To do
Output only the lines below from the one holding "1931 Ford Model A 400 for sale 101189559" down to the one holding "INSTANT NOODLES GLUTEN", both end lines included and every picture dropped.
*** Information supplied ***
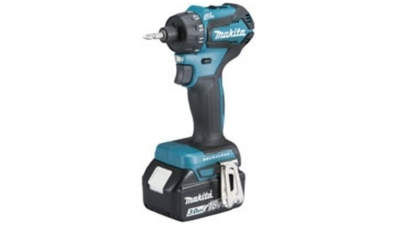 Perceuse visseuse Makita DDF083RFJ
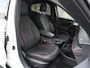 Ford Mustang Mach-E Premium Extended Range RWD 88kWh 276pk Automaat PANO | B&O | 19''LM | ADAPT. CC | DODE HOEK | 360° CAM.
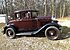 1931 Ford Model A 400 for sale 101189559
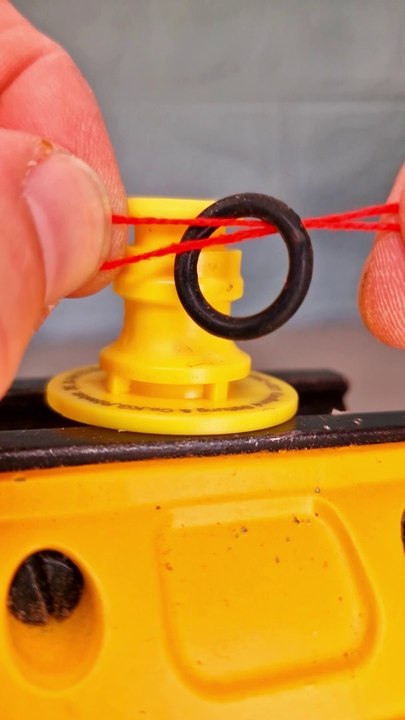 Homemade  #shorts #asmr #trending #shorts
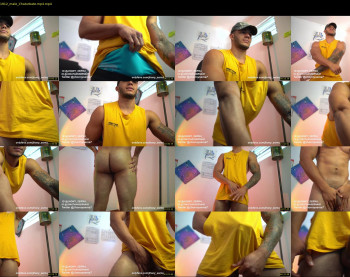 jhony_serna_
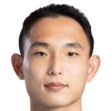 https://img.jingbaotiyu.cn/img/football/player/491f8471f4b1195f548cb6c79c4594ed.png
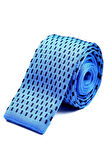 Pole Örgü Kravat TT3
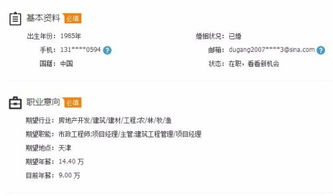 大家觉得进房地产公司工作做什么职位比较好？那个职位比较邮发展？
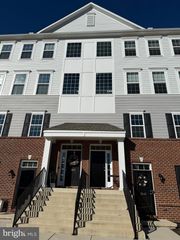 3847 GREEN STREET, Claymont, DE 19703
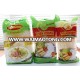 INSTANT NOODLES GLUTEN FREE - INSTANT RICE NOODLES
*** End of Information supplied ***
*** Information supplied ***
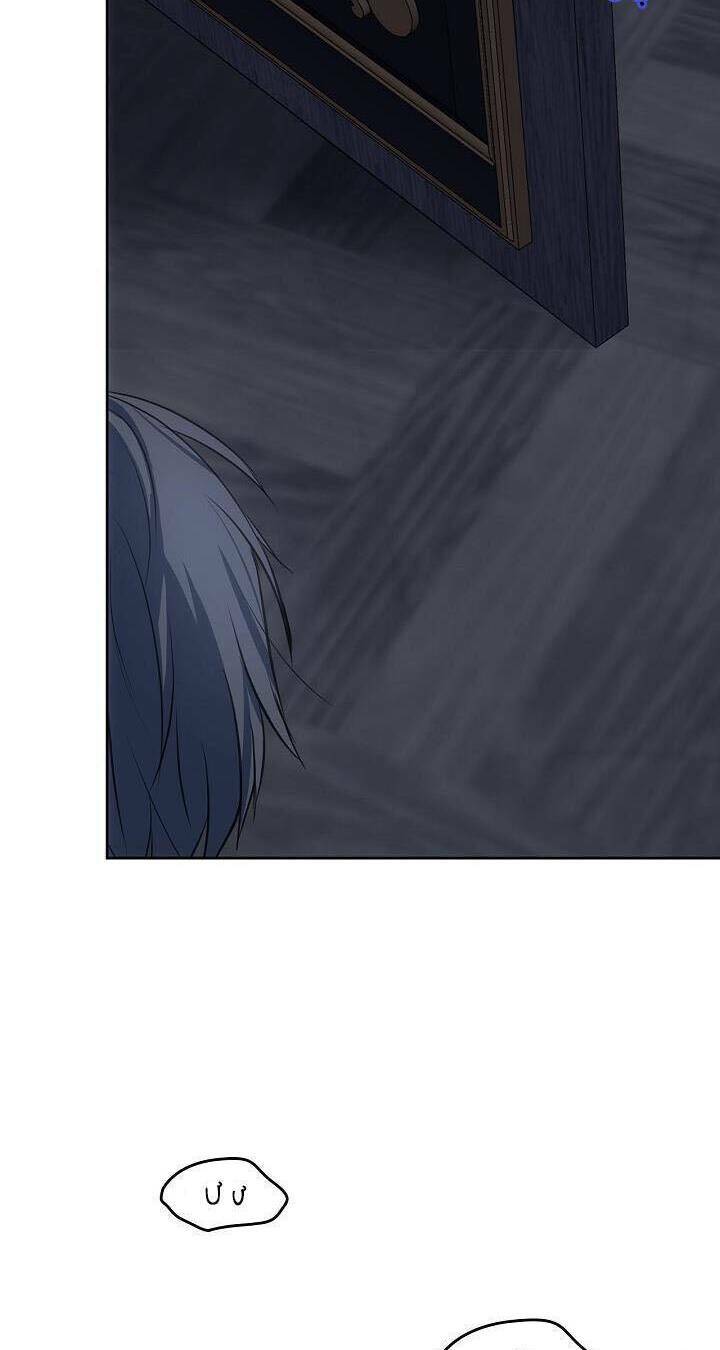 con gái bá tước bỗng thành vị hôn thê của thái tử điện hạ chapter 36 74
*** End of Information supplied ***
Output below
 1931 Ford Model A 400 for sale 101189559
 Homemade  #shorts #asmr #trending #shorts
 jhony_serna_
 https://img.jingbaotiyu.cn/img/football/player/491f8471f4b1195f548cb6c79c4594ed.png
 Pole Örgü Kravat TT3
 大家觉得进房地产公司工作做什么职位比较好？那个职位比较邮发展？
 3847 GREEN STREET, Claymont, DE 19703
 INSTANT NOODLES GLUTEN FREE - INSTANT RICE NOODLES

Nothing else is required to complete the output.